Following its closure, it was converted into two shopfronts and listed for rent.

Bergin Hunt and Fish Club address

The address and the GPS coordinates for this location are as follows:


98-04 101st Avenue, Queens, New York, NY 11416, USA


To view directions on how to get there, you can use the Google Maps shortcut below:

Google Maps

GPS coordinates

The latitude and longitude coordinates for the club are:

40.684982, -73.843116


It is situated close to the corner of 101st Avenue and 98th Street, in the northeastern section of Ozone Park.

Details about the general area

Ozone Park is a neighborhood in the southwestern part of Queens. It is close to the Aqueduct Racetrack.


Photos of the club and other related images.

98-04 101st Avenue

98-04 101st Avenue

This Google Street View image of 98-04 101st Avenue was taken in June 2022.

The property was converted into two retail units after the Bergin Hunt and Fish Club closed its doors in 2005.
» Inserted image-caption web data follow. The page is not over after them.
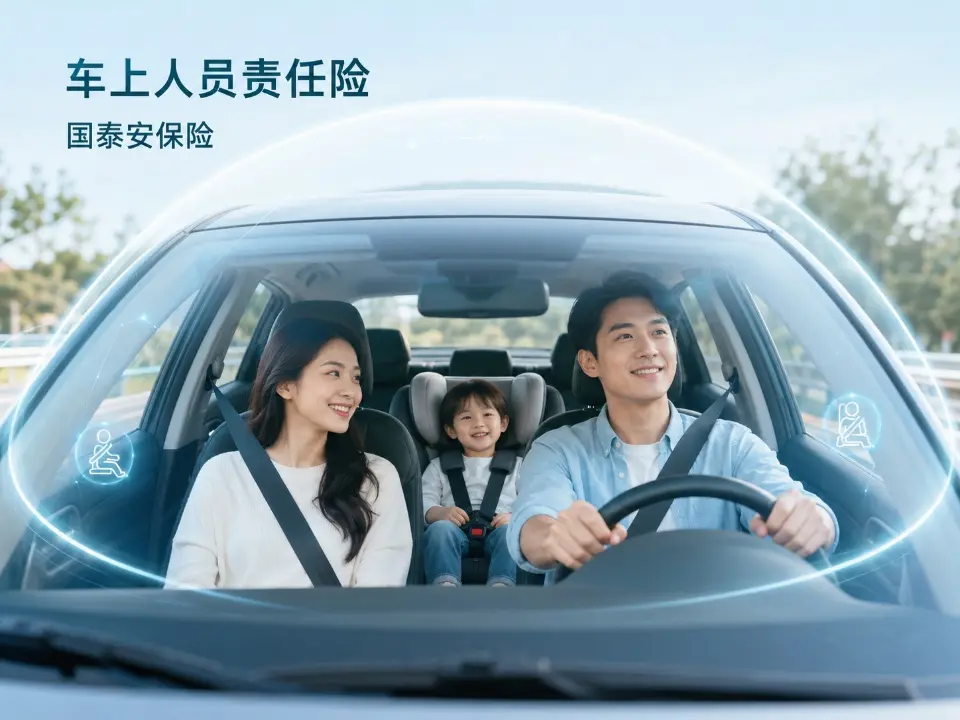 车上人员责任险：经常带家人孩子出门，这座位险到底值不值得买？(图1)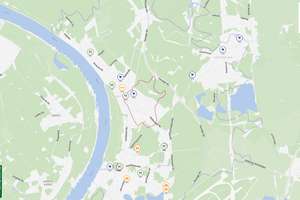 Familienfreundliches Reihenhaus mit sonnigem Garten und ganzjährigem Grünblick – 40489 Wittlaer, Düsseldorf – Vorschaubild 24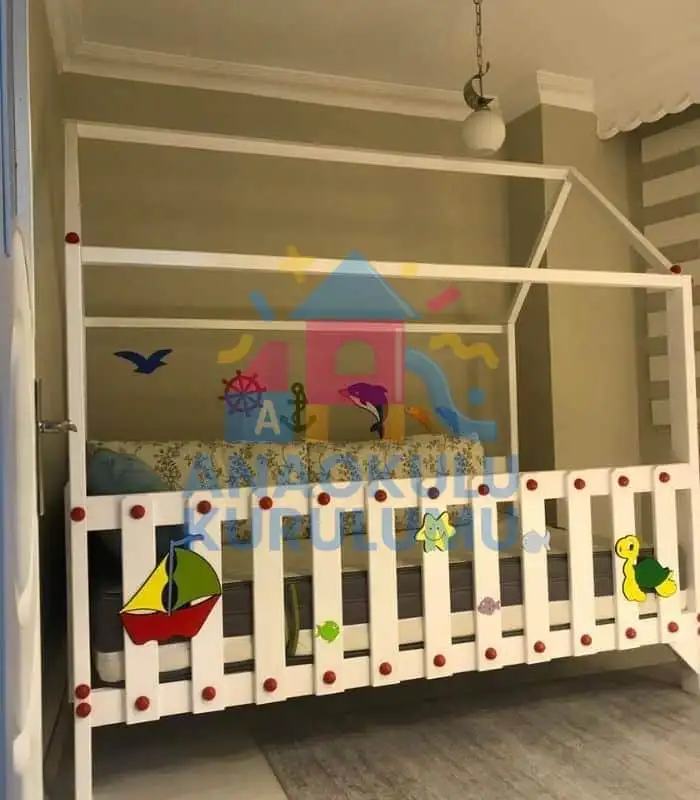 Anaokulu Kurulumu Park Bahçe Tamirat Tadilat
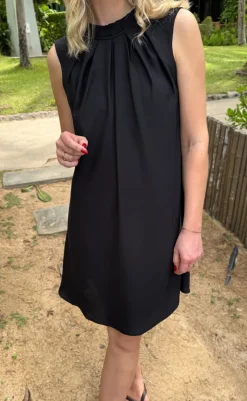 Online Kjole - Hazel Summer - Black Kjoler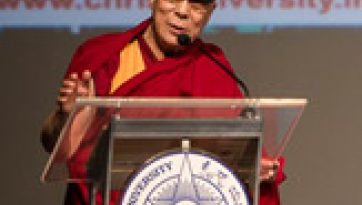 एक वैश्वीकृत विश्व में नैतिकता की सीमा, क्राइस्ट विश्वविद्यालय, बंगलौर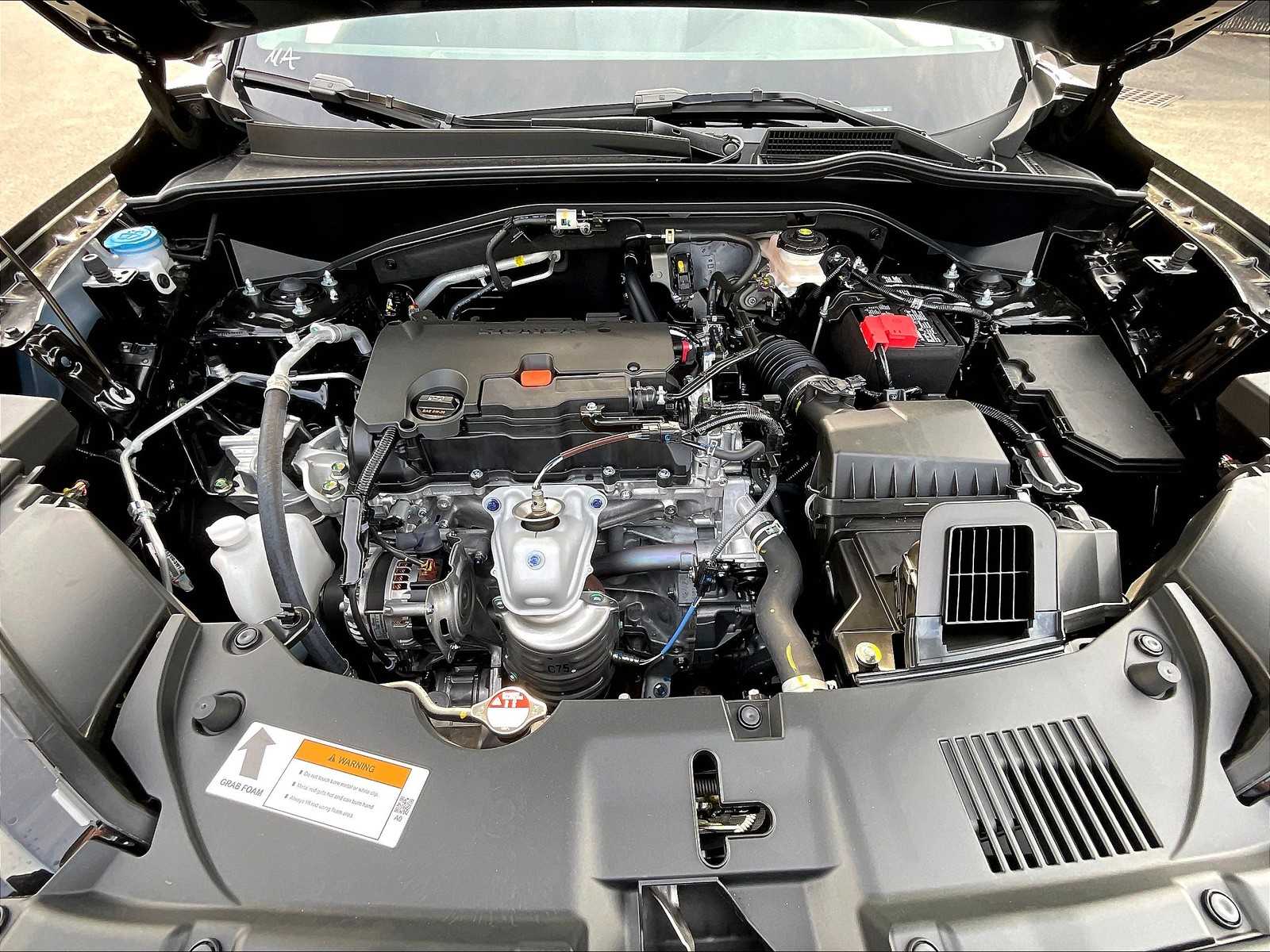 2026 Honda HR-V LX - Photo 16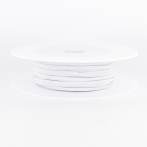 &Eacute;lastique tresse blanc 4 g - 458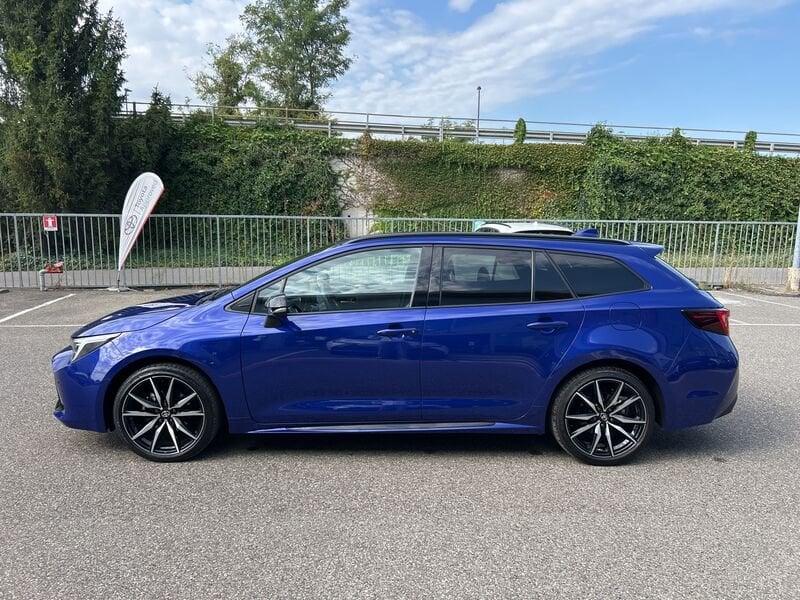 Toyota Corolla Corolla GR SPORT 1.8 Hybrid Touring Sports IVA ESPOSTA COMPRESA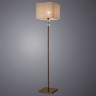 Торшер ARTE Lamp A5896PN-1PB NORTH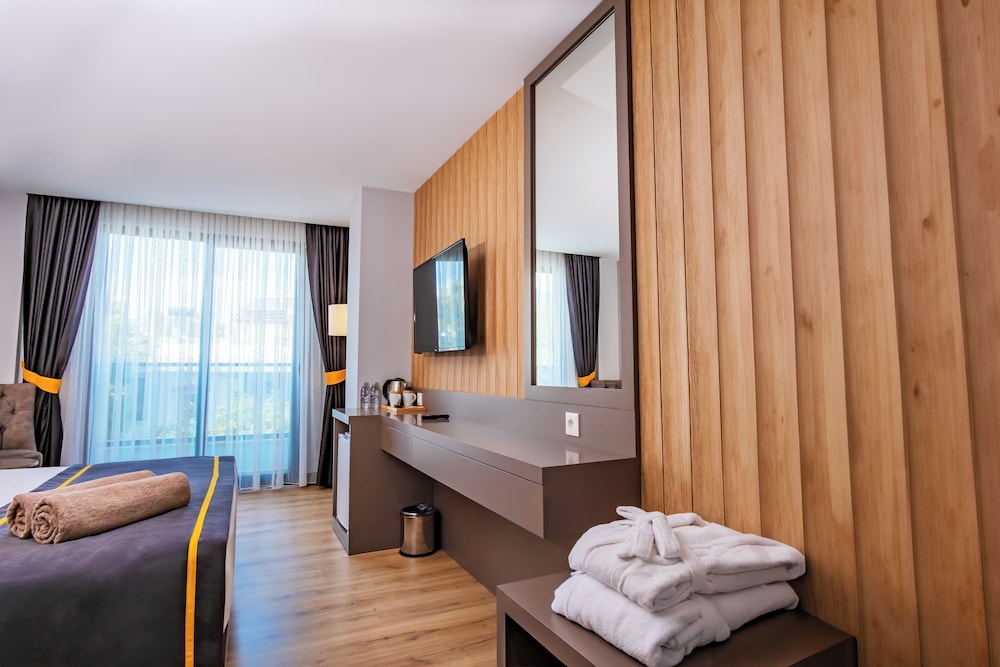 Luxury Double or Twin Room photo 1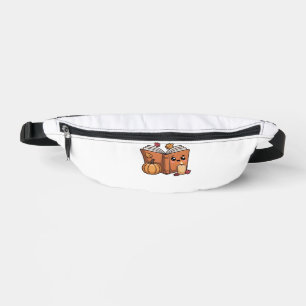 kawaii thanksgiving book Classic T-Shirt Fanny Pack
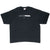 Vintage Nike NFL Oakland Raiders Black Tee Shirt 1990S Size 2XL
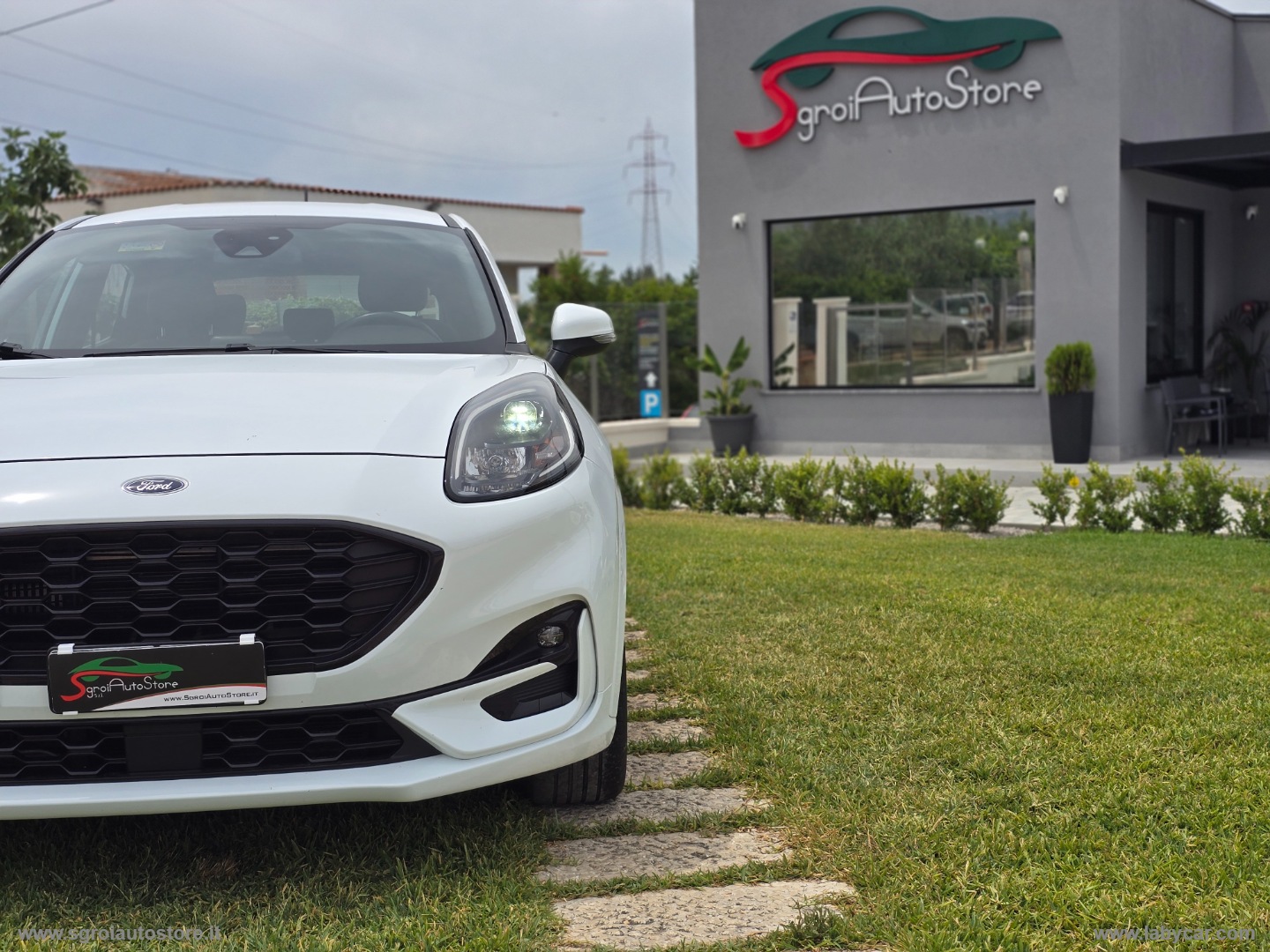 Puma 1.0 EcoBoost Hyb. 125 CV ST-LINE - immagine 16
At the time of writing, it was home to a Christian church and a bubble tea store.

Carmine Fatico

Carmine Fatico

These are surveillance photographs of John Gotti and Carmine Fatico.

Fatico was the "caporegime" of the Bergin crew.

Originally, the gang's base was situated in the East New York borough of Brooklyn. However, Fatico was so dismayed by the changing racial demographics of the neighborhood that he decided to relocate to Ozone Park in Queens.

Gotti quickly became a leading figure in the crew, as he was young, smart, and tough.

In 1972, Fatico was arrested on loan-sharking charges. As part of his bail conditions, he was ordered to stay away from his crew. During his absence, he chose Gotti to become his acting capo.

Five years later, Fatico was sent to prison for stealing fur coats, and Gotti was promoted to capo of the Bergin crew. From that point on, he reported to Gambino underboss Aniello Dellacroce, whose HQ was at the Ravenite Social Club in Little Italy.



Image source: Indiana Gazette - July 5th 1989

The crew held a fireworks display outside the club every 4th of July.

In 1988, the authorities warned the gang not to set off fireworks without a permit. However, Gotti ignored this warning, much to the embarrassment of Police Commissioner Benjamin Ward.

The following year, dozens of officers were sent to 101st Avenue to make sure that the show didn't go ahead.

To prevent people who didn't live in the area from attending the event, they put up barricades and closed every street within a four-block radius.

This led to an angry backlash, as crowds of people shouted insults at the police and chanted Gotti's name. Men on nearby roofs also set off rockets.

Although the fireworks display didn't go ahead, the crew still held their annual barbecue.

During an interview with a news reporter, one attendee stated that "Gotti had a good heart." Another person added that he "took care of people in the community."